*ACTIVITY*:
Starting with the line that contains "My Projects From", give again exactly and only each line through the end of the records; include the last line and exclude pictures.
(RECORDED DATA begins)
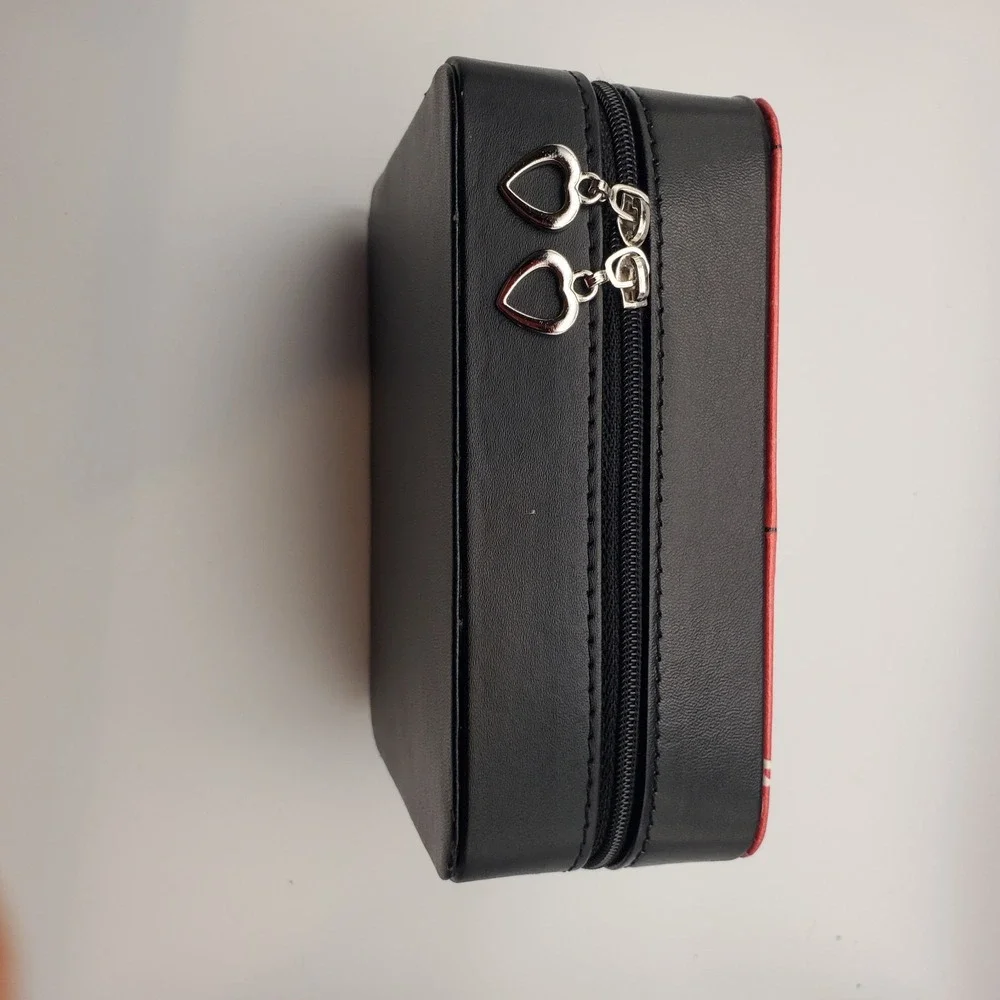 Brighton Christmas Dear Santa I Have Been Good(ish) Jewelry Box Travel‎ Case EUC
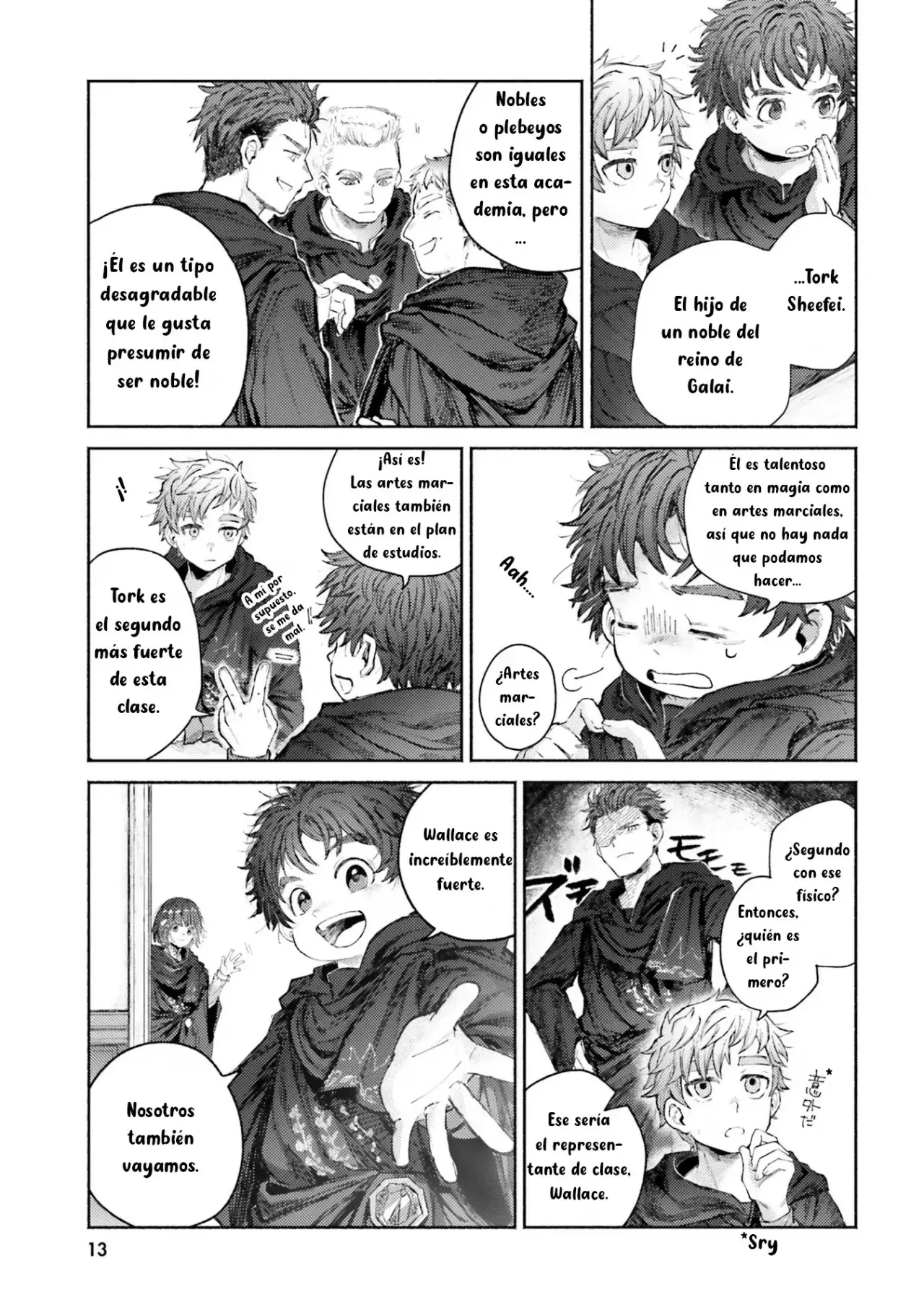 Almark Capitulo 5: Primera magia página 15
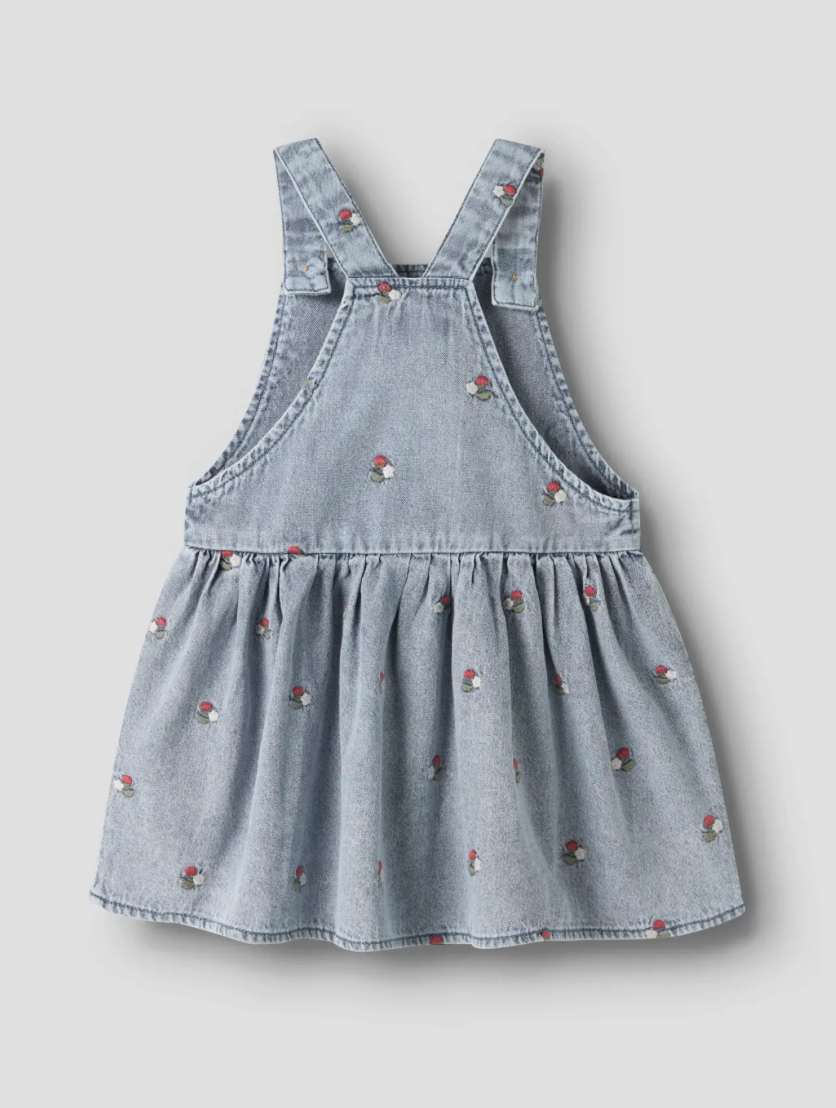 Lil Atelier NNMFFUNDA DNM EMB SKIRT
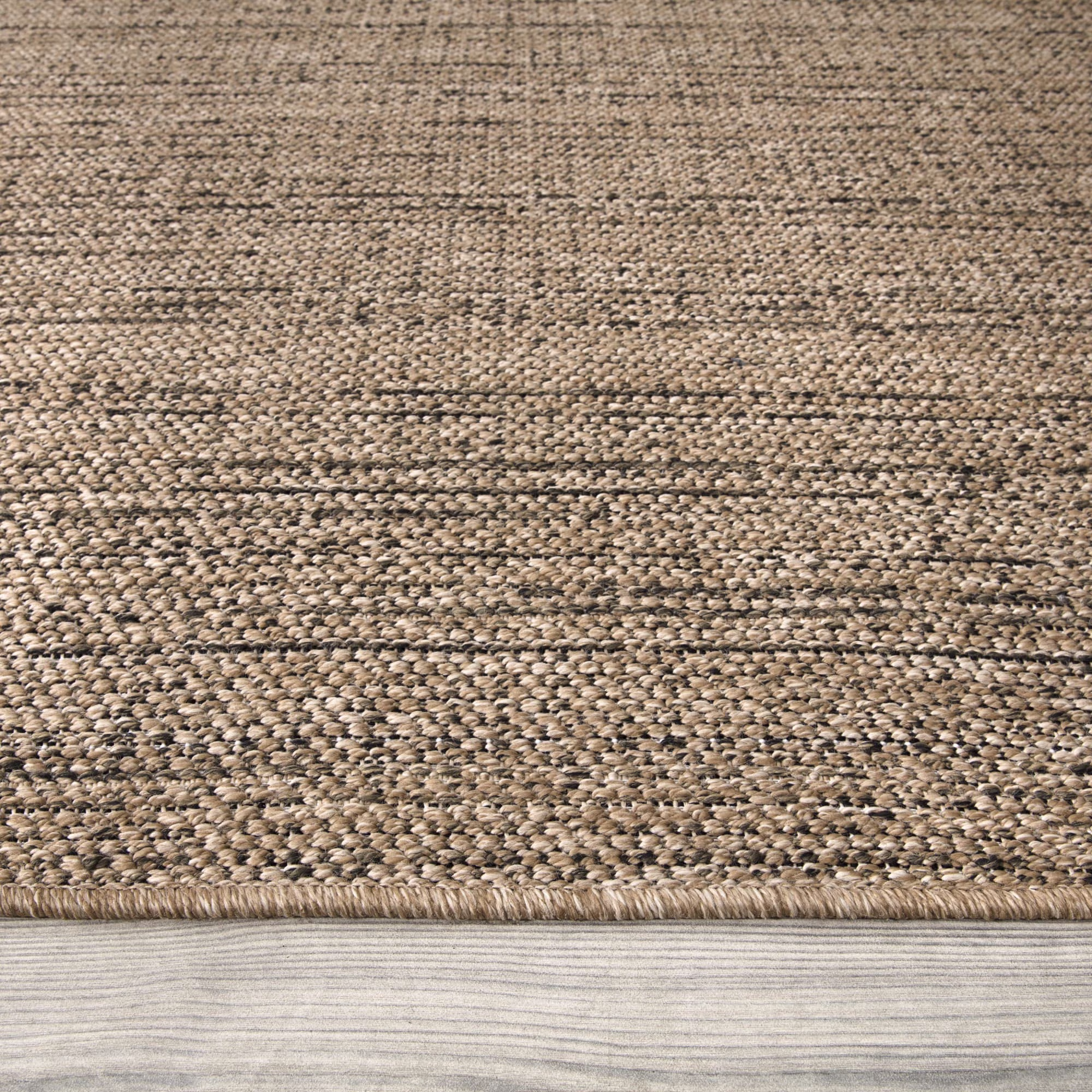 Indoor & Outdoor Rug Natural Boho Style in Beige - Image 2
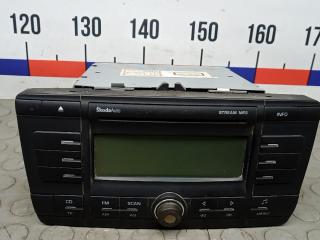 магнитола Skoda Octavia 2 поколение (A5) 2007, 1.9 л., дизель, МКПП, хетчбэк 5 дв., 1Z0035161C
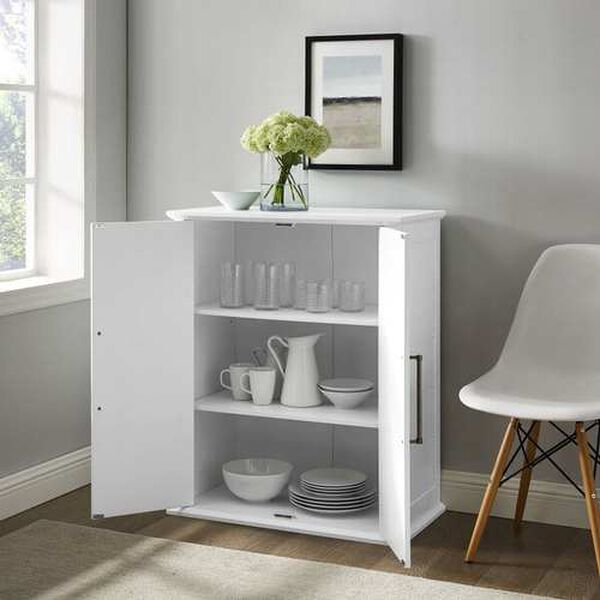 Bartlett White Stackable Storage Pantry, image 6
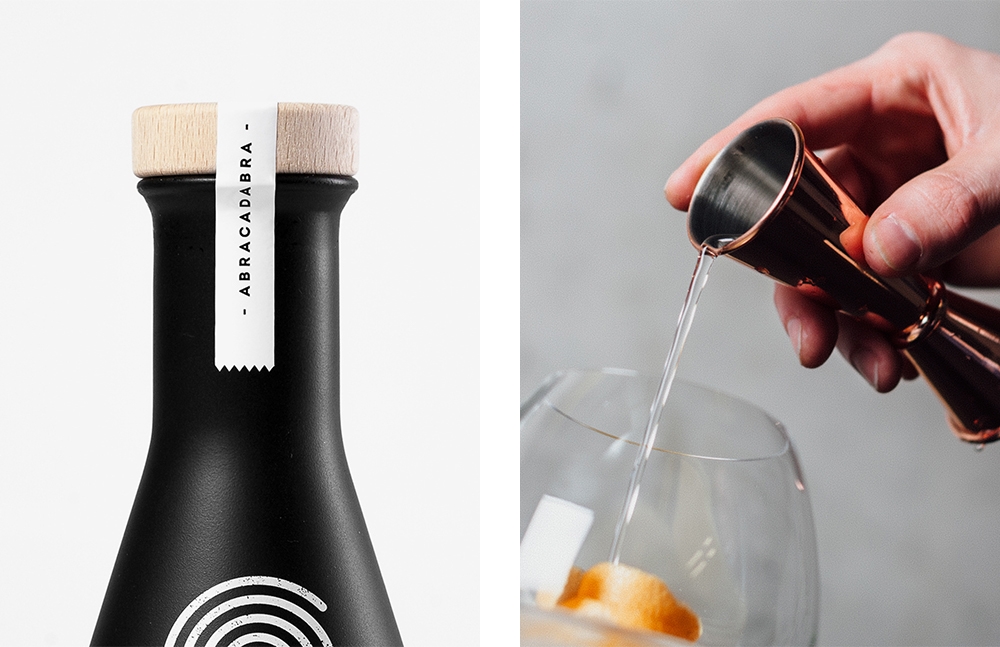 神奇松子酒瓶型包裝設計，全新視覺體驗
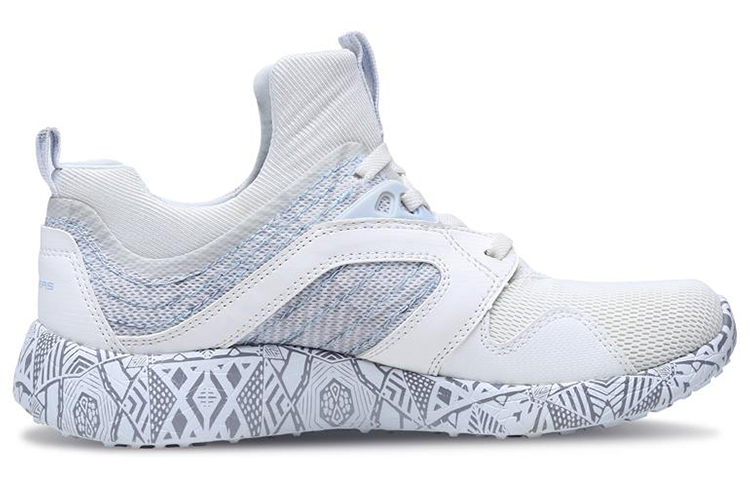 Order (W) 斯凯奇 Burst '白色休闲' 12313-WHT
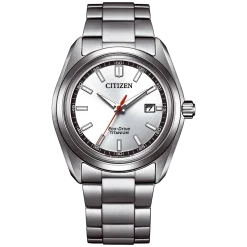 AW1900-50A               Herren Super Titanium ™ Eco-Drive silberfarben ø 40mm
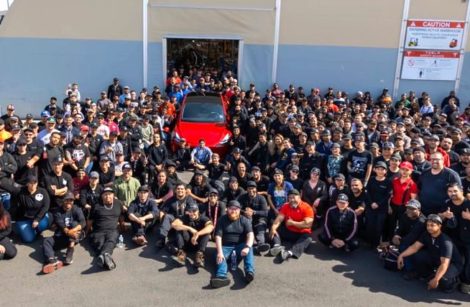 Un million de voitures produit par Tesla depuis 2003…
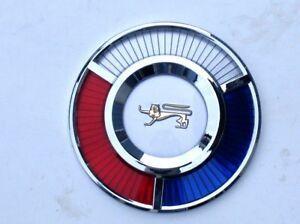 Red and White Car Logo - 1959 59 FORD CAR HUBCAP SUNRAY EMBLEM RED WHITE BLUE X1 NEW | eBay
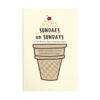 Sundaes on Sundays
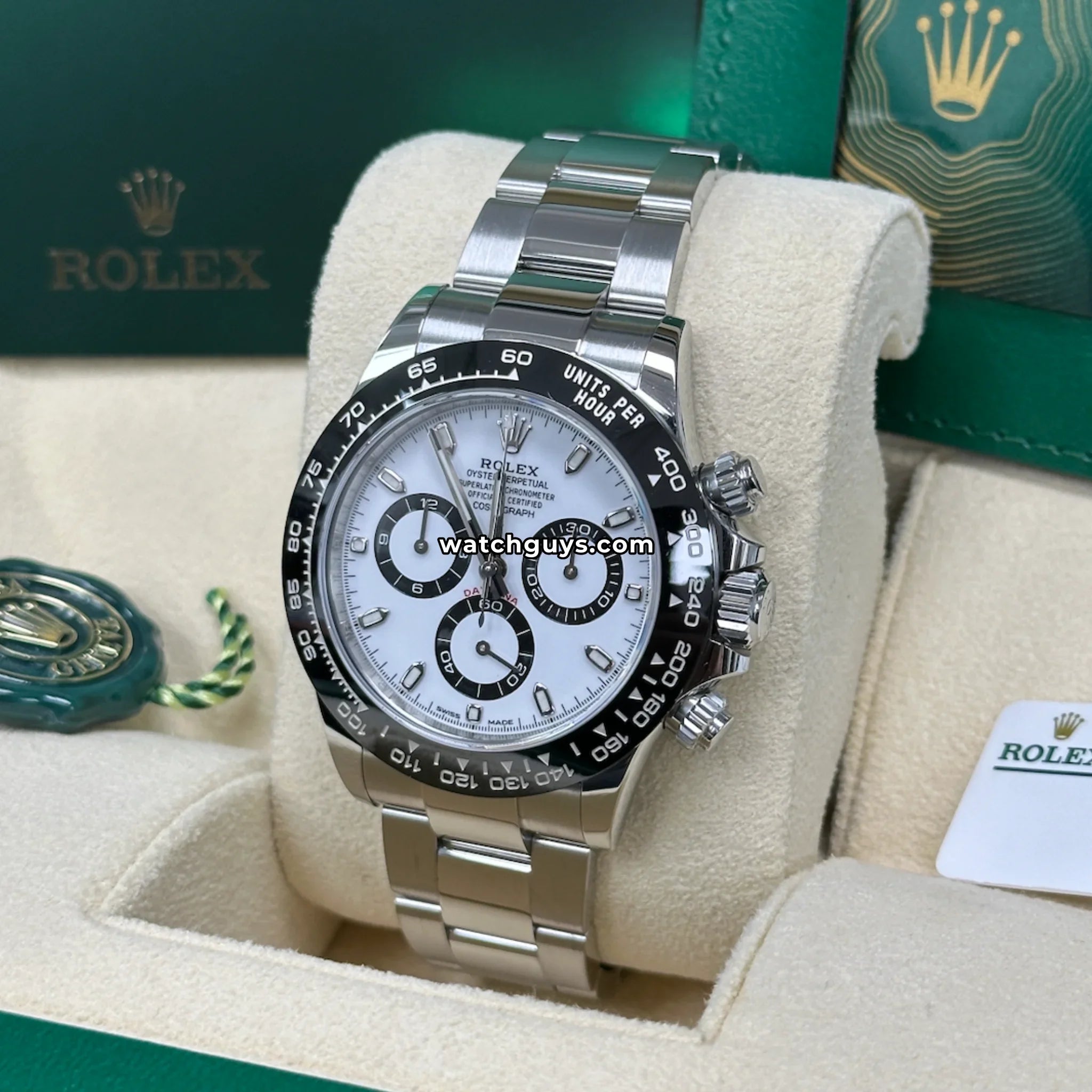 Rolex Daytona 116500LN White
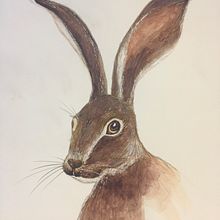 My Projects From Experimental Watercolor Techniques for Beginners. Watercolor Painting project by Susan DuPont - 01.17.2021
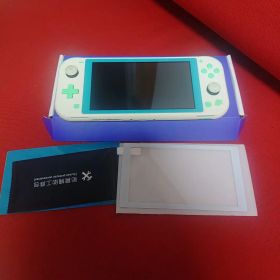 任天堂Ｓｗｉｔｃｈライト カスタム品 あつまれどうぶつの森仕様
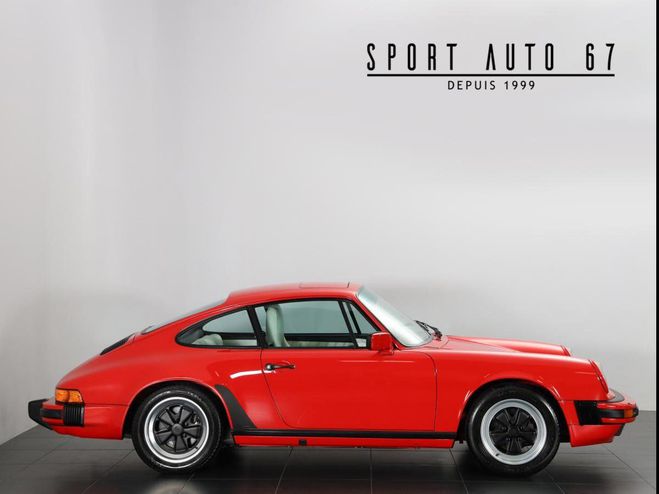 Porsche 911 CARRERA 3.2 L 3,2L Flat 6 Rouge Indien (G1G1) de 1985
(RECORDED DATA ends)
*WRITTEN RESPONSE*:
 My Projects From Experimental Watercolor Techniques for Beginners. Watercolor Painting project by Susan DuPont - 01.17.2021
 任天堂Ｓｗｉｔｃｈライト カスタム品 あつまれどうぶつの森仕様
 Porsche 911 CARRERA 3.2 L 3,2L Flat 6 Rouge Indien (G1G1) de 1985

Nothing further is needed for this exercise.